I know you said he doesn't have any "issues" but you might still consider seeking out therapy for him. There is a root here...you can probably bring him around through harda$$ parenting, but it might be easier on all if you can get to the root of it and fix that.
Maybe you've already done this, but try to get more information. What is happening on the 12 min bus ride that evokes his behavior problems? Can he be seated away from everyone else?
Judo (any martial arts, really) could be helpful. It gives them an outlet, builds their self-confidence,and makes them feel 'in control.'
Something that works fairly well in our house for school issues is "if you dont want to work at school, you will work at home". They have an E, G, S, N, U behavior chart that gets sent home daily. Anything lower than E = workbook pages. The worse the behavior, the more work that must be done. Nothing else happens (except dinner, and bedtime) until the pages are done - no tv, playing, etc.
Behavior in class is markedly improved this year, and doing workbook pages has resulted in being ahead of all the other kids in her grade at her school! We have math, time, money, and reading workbooks at her grade level. It does mean that we need to sit down and help her through them, but I think the one on one time helps her as well.
Everybody has a currency and you need to find his. It can be a favorite food, a TV show, a video game, playing with friends, etc. When you find that, you use it as the leverage to help him choose the correct behavior. You can go so far as to take everything away if necessary and I mean everything down to the bed. Good behavior gets good rewards. Bad behavior gets removal of treasured items/currency. If it comes down to coming home from school and only being able to do homework and sit in the room alone only coming out to eat and then to bed, it will get tiring really fast.
icehockey101
Something that works fairly well in our house for school issues is "if you dont want to work at school, you will work at home". They have an E, G, S, N, U behavior chart that gets sent home daily. Anything lower than E = workbook pages. The worse the behavior, the more work that must be done. Nothing else happens (except dinner, and bedtime) until the pages are done - no tv, playing, etc.
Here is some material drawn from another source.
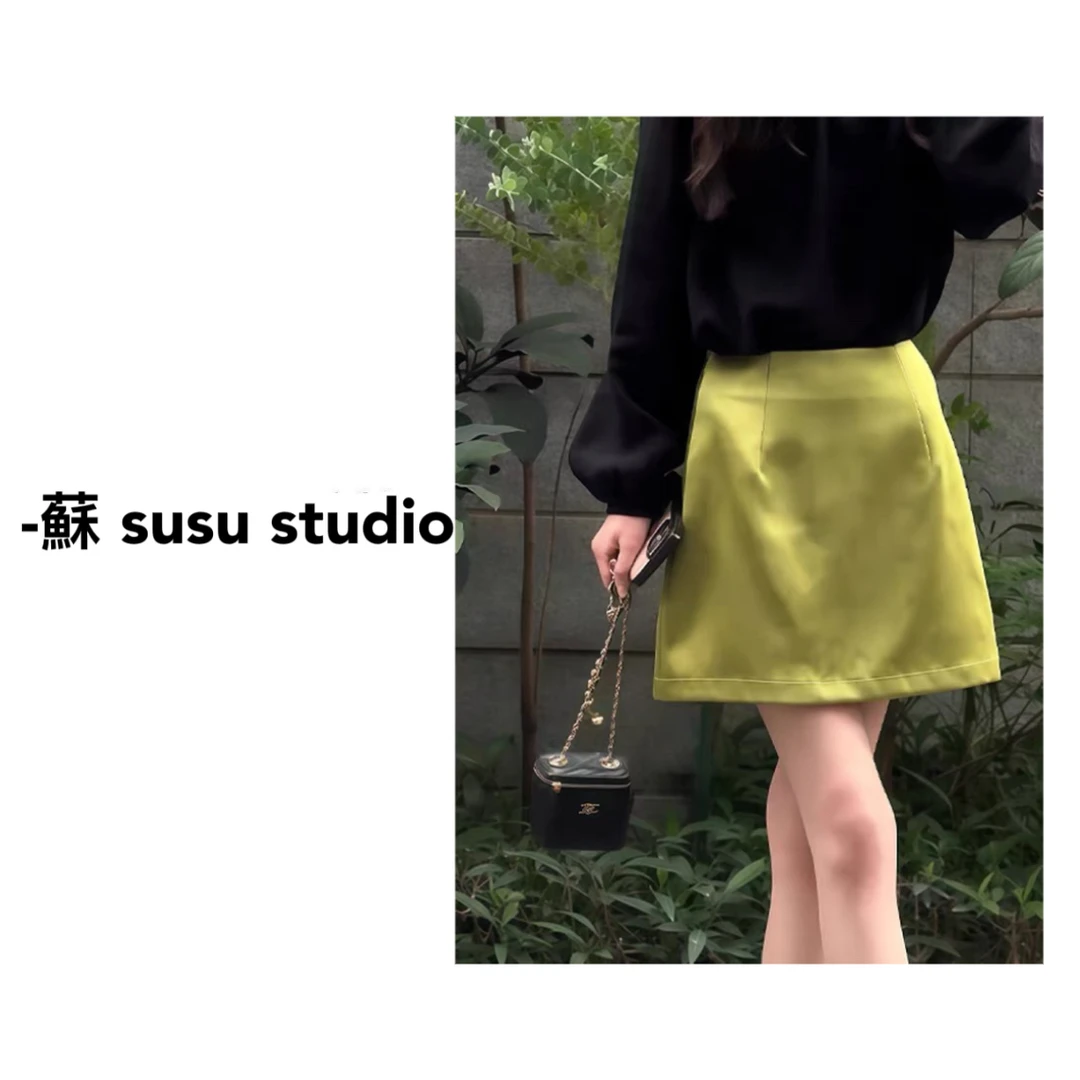 韩国东大门夏季新款简约设计感高腰宽松显瘦百搭A字半身短裙367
Behavior in class is markedly improved this year, and doing workbook pages has resulted in being ahead of all the other kids in her grade at her school! We have math, time, money, and reading workbooks at her grade level. It does mean that we need to sit down and help her through them, but I think the one on one time helps her as well.
It sounds like this has worked for you, but it would not be something I would recommend normally. I don't like the idea of using learning as a punishment. I don't want my kids to associate math, reading, writing with being in trouble and being bad.
I understand that it has had a benefit for your child in that she is now ahead of the class, but it can have unintended deleterious effects as well. You don't want your kids resenting school work and learning.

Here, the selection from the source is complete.